Let ∞ be the bulk point of the function f. Then L ∈ ℝ is the limit of the function at the point ∞, if

$$(\forall\epsilon>0),(\exists A\in \mathbb{R}),(\forall x\in D(f)),(x > A \Rightarrow |f(x)-L|<\epsilon)$$

and at the point −∞ if

$$(\forall\epsilon>0),(\exists A\in \mathbb{R}),(\forall x\in D(f)),(x < A \Rightarrow |f(x)-L|<\epsilon)$$

What does the definition tell us? That if we choose some ε-environment around our intended limit L (i.e., on the y axis), then we are always able to find a point A on the x axis such that if we take any point x to the right of A, i.e., x>A, then |f(x)−L| < ε will hold, i.e., all function values will be less than ε away from the limit L.
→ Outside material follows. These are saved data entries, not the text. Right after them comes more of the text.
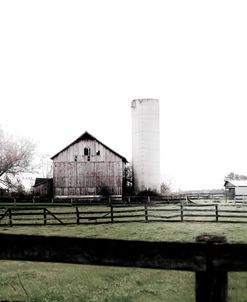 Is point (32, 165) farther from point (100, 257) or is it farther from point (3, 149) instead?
point (100, 257)

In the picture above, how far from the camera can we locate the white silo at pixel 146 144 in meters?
45.0

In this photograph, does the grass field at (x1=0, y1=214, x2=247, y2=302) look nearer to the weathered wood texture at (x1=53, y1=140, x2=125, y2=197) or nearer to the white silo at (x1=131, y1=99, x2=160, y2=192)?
the weathered wood texture at (x1=53, y1=140, x2=125, y2=197)

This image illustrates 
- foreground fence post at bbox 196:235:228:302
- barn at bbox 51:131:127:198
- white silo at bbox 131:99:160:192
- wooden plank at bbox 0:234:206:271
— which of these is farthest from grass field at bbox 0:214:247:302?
white silo at bbox 131:99:160:192

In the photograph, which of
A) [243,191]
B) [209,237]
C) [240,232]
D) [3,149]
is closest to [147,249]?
[209,237]

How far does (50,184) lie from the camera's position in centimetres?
4403

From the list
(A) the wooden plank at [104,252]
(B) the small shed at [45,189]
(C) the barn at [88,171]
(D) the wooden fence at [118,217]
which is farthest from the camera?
(B) the small shed at [45,189]

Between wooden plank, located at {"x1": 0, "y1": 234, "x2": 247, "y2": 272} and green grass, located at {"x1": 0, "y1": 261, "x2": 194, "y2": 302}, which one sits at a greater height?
wooden plank, located at {"x1": 0, "y1": 234, "x2": 247, "y2": 272}

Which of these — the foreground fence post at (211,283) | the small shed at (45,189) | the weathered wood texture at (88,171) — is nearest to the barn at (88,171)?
the weathered wood texture at (88,171)

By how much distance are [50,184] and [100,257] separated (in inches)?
1665

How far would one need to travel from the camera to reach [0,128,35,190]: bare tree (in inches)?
1971

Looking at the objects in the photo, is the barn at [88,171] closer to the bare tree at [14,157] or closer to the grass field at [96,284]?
the bare tree at [14,157]

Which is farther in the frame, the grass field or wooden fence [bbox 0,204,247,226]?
wooden fence [bbox 0,204,247,226]

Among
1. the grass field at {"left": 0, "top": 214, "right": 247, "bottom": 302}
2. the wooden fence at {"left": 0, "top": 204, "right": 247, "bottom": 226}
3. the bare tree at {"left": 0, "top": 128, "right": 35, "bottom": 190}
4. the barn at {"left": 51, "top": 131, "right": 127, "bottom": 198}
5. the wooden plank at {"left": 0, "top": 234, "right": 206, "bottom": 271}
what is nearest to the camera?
the wooden plank at {"left": 0, "top": 234, "right": 206, "bottom": 271}

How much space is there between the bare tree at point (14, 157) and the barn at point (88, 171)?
12333 millimetres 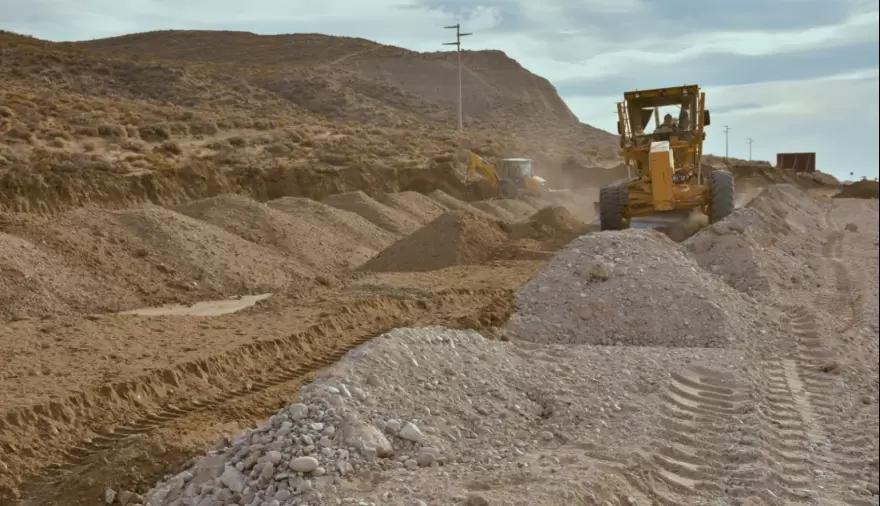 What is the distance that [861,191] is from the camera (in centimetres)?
3584

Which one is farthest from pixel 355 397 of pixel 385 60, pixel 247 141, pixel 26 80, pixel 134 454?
pixel 385 60

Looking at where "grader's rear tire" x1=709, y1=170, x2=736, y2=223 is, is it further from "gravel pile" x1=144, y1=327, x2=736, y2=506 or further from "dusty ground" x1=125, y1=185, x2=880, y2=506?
"gravel pile" x1=144, y1=327, x2=736, y2=506

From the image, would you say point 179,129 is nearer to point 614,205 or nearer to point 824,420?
point 614,205

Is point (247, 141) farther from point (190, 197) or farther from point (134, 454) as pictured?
point (134, 454)

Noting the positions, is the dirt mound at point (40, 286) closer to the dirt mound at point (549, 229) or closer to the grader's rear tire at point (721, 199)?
the dirt mound at point (549, 229)

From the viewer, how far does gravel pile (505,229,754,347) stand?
33.7 ft

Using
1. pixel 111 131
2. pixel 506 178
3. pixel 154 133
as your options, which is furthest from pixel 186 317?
pixel 506 178

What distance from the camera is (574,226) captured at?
65.7 feet

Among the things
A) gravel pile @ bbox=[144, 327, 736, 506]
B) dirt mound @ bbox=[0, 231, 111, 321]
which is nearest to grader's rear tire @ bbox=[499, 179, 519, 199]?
dirt mound @ bbox=[0, 231, 111, 321]

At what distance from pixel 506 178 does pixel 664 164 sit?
14465mm

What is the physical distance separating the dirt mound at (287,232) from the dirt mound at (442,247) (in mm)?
1209

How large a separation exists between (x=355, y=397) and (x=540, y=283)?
16.9 feet

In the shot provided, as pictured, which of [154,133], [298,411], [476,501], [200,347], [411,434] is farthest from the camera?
[154,133]

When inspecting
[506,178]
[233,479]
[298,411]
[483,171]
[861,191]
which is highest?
[483,171] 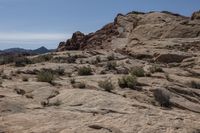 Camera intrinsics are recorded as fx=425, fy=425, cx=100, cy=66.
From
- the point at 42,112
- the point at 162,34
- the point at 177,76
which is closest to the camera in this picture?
the point at 42,112

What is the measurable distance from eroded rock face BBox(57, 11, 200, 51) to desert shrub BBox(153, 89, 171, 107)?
17.2 m

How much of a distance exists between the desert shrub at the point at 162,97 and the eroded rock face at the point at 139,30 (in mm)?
17172

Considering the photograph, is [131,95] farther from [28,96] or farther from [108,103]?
[28,96]

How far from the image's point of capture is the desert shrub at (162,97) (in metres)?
14.6

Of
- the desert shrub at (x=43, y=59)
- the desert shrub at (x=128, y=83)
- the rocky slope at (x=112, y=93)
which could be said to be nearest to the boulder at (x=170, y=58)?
the rocky slope at (x=112, y=93)

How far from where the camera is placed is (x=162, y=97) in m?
14.9

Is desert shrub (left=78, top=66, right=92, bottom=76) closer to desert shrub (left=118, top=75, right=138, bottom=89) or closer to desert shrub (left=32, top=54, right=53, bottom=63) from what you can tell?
desert shrub (left=118, top=75, right=138, bottom=89)

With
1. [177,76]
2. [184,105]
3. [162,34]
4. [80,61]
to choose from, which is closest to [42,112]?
[184,105]

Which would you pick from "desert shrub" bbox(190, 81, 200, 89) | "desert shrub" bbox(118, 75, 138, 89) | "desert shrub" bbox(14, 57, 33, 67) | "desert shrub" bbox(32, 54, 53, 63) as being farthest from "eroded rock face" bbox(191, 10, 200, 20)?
"desert shrub" bbox(118, 75, 138, 89)

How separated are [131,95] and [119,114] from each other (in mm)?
3181

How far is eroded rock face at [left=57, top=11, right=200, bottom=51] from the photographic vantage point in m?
32.5

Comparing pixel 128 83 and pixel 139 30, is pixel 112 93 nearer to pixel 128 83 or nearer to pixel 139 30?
pixel 128 83

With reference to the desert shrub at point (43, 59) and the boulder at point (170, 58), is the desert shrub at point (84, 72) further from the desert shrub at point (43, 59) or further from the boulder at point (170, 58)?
the boulder at point (170, 58)

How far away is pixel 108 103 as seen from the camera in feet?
44.0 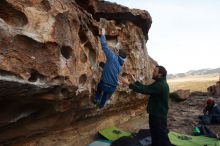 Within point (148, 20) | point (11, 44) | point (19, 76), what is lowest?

Consider the function f(x) = (2/x)+1. Graph:

It can be seen that as the value of x approaches infinity, the functional value of f(x) approaches one. So we choose L = 1. Now we prove that L = 1 is indeed the limit of this function at plus infinity. First, let's try it out. We will choose some epsilon, for example $\epsilon=\frac12$. Now we'll try to find a A ∈ ℝ such that it holds that for all x that are greater than A, the function value is less than ε away from L. Let's sketch this in the figure:

That the functional value f(x) is less away from L than ε means that the curve describing the graph of the function is between those red lines. We must now find the boundary A on the axis x, from which this condition is satisfied. This need not necessarily be the smallest possible boundary, so we can choose, for example, A = 6.

We see that the curve describing the graph beyond the A limit is entirely between the red lines that mark the ε-distance from L. Now we have proved this for one particular ε, to prove that L = 1 is indeed the limit, we need to be able to prove it for all ε > 0.

Now we need to see for which A this relation holds:

$$x > A \Rightarrow |f(x)-L| < \epsilon$$

After reaching:

$$x > A \Rightarrow \left|\left(\frac{2}{x}+1\right) - 1\right| < \epsilon.$$

We can subtract ones:

$$x > A \Rightarrow \left|\frac{2}{x}\right| < \epsilon$$

Next, we can assume that we only take positive x (we are interested in values of x that are close to plus infinity), which allows us to remove the absolute value:

$$x > A \Rightarrow \frac{2}{x} < \epsilon$$

We multiply x:

$$x > A \Rightarrow 2 < x\cdot\epsilon$$

Divide by ε:

$$x > A \Rightarrow \frac{2}{\epsilon} < x$$

By adjusting, we have found that x must be greater than 2/ε. So if we choose some number after A that is greater than 2/ε, then we find the limit we were looking for.

In the previous experiment we chose $\epsilon=\frac12$, so we should choose a number after A that is greater than $2/\frac12=4$. We chose A = 6, which is fine.